Euronews Next a contacté OnlyFans et Pornhub, deux grandes plateformes en ligne de contenus pour adultes. Toutes deux ont déclaré qu'elles se conformeraient à la législation suédoise, mais n'ont pas précisé comment elles le feraient.
OnlyFans compte moins de 45 millions d'utilisateurs mensuels dans l'UE, selon son dernier rapport de transparence. Pornhub compte environ 26,1 millions d'utilisateurs mensuels dans l'UE, comme le précise son site web.
OnlyFans peut sauver de nombreuses femmes de la rue
La loi n'affecterait pas trop Breden, poursuit-elle, car elle a d'autres sources de revenus, notamment un hôtel et un café en Suède.
Ce qui la préoccupe, c'est que OnlyFans commence à "bloquer" les créateurs suédois "parce qu'ils ont peur d'être poursuivis ou accusés de proxénétisme".

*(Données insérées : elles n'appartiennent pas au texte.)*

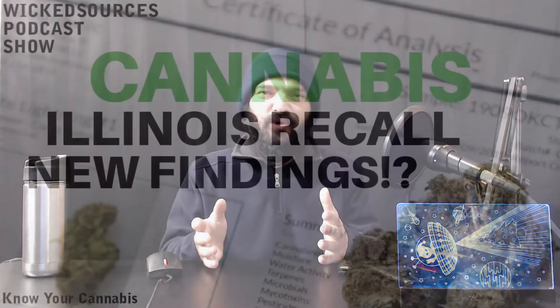Welcome back everybody. I hope you guys are having a fantastic day. Wicked Sources, my name is Mike, and there were some questions looming around my head after I covered a story last week regarding the Illinois Cannabis Recall.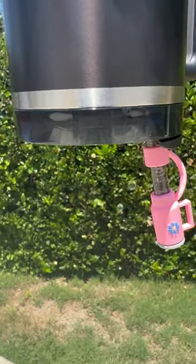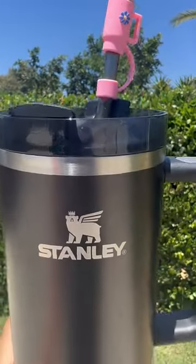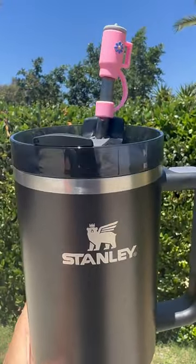Look at that! My Stanley can be upside down. A little bit dripping out, but normally, you know, if you have a Stanley it gushes water. Woohoo!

"Je dirais même qu'OnlyFans peut sauver de nombreuses femmes de la rue et des proxénètes qui essaient de les contrôler", a déclaré Mme Breden, soulignant que le site permet aux créateurs de choisir le type de contenu qu'ils vendent et qu'ils peuvent travailler à domicile.
Emma Larsson, créatrice de contenus pour adultes, a déclaré à l'Alliance européenne pour les droits des travailleurs du sexe (ESWRA) que cela pousserait les créateurs de contenus comme elle dans des lieux de travail plus dangereux.

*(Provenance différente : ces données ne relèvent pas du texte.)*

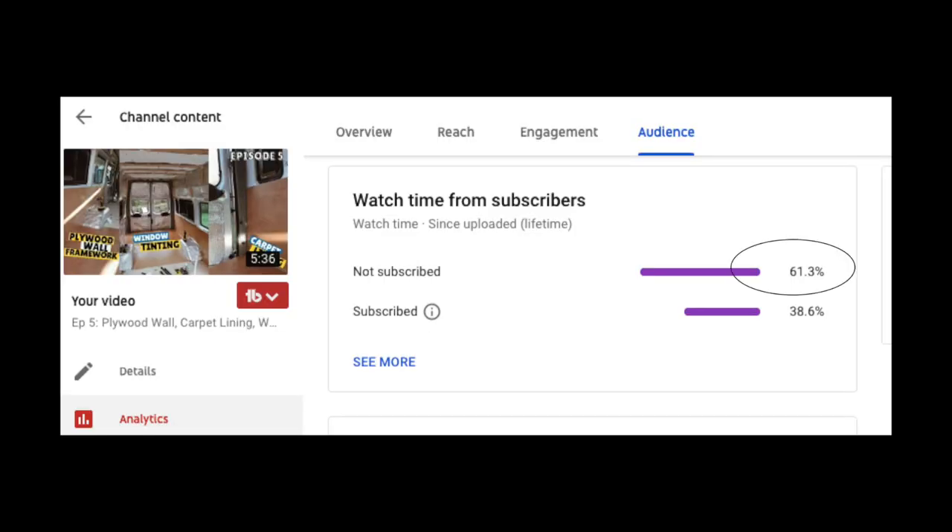At this convenient intermission, it seems that 61% of you aren't subscribed. So if you're feeling generous, hit that subscription button.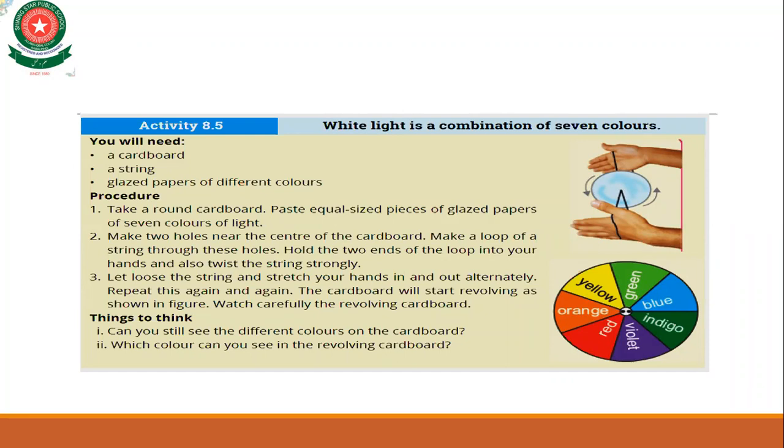Then loosen and stretch the string — you will see that the cardboard is moving. Watch carefully the revolving cardboard. Can you still see the different colors? Which color can you see in the revolving cardboard?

"Nos revenus diminueront tellement que nous serons obligés d'offrir des services et de répondre à des demandes que nous n'aurions jamais acceptées autrement", a-t-elle déclaré dans un communiqué de presse. "Cette loi nous poussera dans des situations dangereuses et nous privera de notre option la plus sûre".

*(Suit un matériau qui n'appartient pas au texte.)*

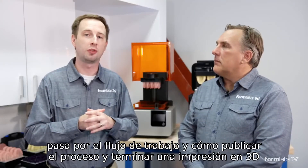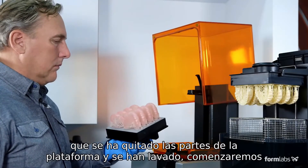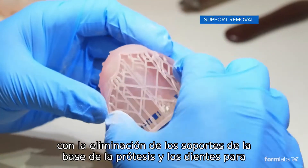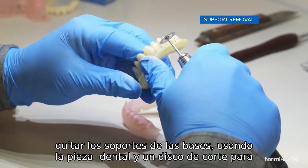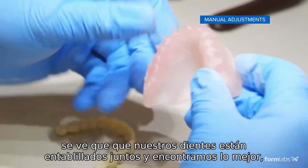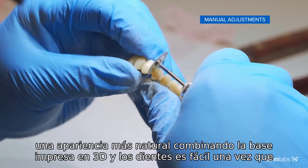In this section, we're going to go through the workflow and how to post-process and finish a 3D printed denture from the Form 2. We will be picking up right after the parts have been removed from the build plate and washed. We will be starting with removing the supports from the denture base and the denture teeth. To remove the supports, Bill is using his dental handpiece and a cutting disc to cut the supports and smooth them away. After the supports are removed, you'll notice that our teeth are splinted together, and we've found that for the best aesthetic results, reduction of the interproximal connection will help make a more natural look.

Un dangereux précédent européen
Selon le gouvernement, la nouvelle loi suédoise vise à "renforcer la protection contre le harcèlement sexuel", la fraude à l'encontre des personnes âgées et les crimes motivés par la haine du sexe.
Les défenseurs et les créateurs de contenus pour adultes affirment qu'il y a une incompréhension générale des règles que les plateformes ont déjà mises en place pour limiter les contenus sexuels dangereux.
OnlyFans indique dans sa politique de modération des contenus qu'il utilise une combinaison de filtres humains et automatisés pour déterminer quels créateurs de contenus ne peuvent pas être vérifiés comme ayant plus de 18 ans, qui sont générés par l'intelligence artificielle (IA), les contenus violents ou extrêmes, et que le consentement a été donné, parmi d'autres critères.
"J'ai vu plusieurs vidéos supprimées, même s'il s'agissait de jeux de rôle inoffensifs", a déclaré M. Breden. Il est absolument interdit de faire allusion à quoi que ce soit qui pourrait être perçu comme "forcé" ou similaire.
Les groupes de défense des droits s'inquiètent également de la manière dont les lois seront appliquées.
Selon l'Alliance européenne pour les droits des travailleurs du sexe, la police risque d'être habilitée à fouiller les téléphones, les ordinateurs et les comptes en ligne liés à la création de contenus pour adultes.
Cela soulève alors "de graves questions concernant la surveillance numérique et la vie privée, en particulier pour les groupes vulnérables tels que les travailleurs du sexe, déjà confrontés à la discrimination et à la criminalisation".
"Cette loi créerait un dangereux précédent dans toute l'Europe", peut-on lire dans le communiqué de presse.
Si le gouvernement est préoccupé par la sécurité, M. Breeden a déclaré que l'entreprise pourrait plutôt augmenter la limite d'âge de 18 à 25 ans pour l'accès à des sites de contenu pour adultes comme OnlyFans.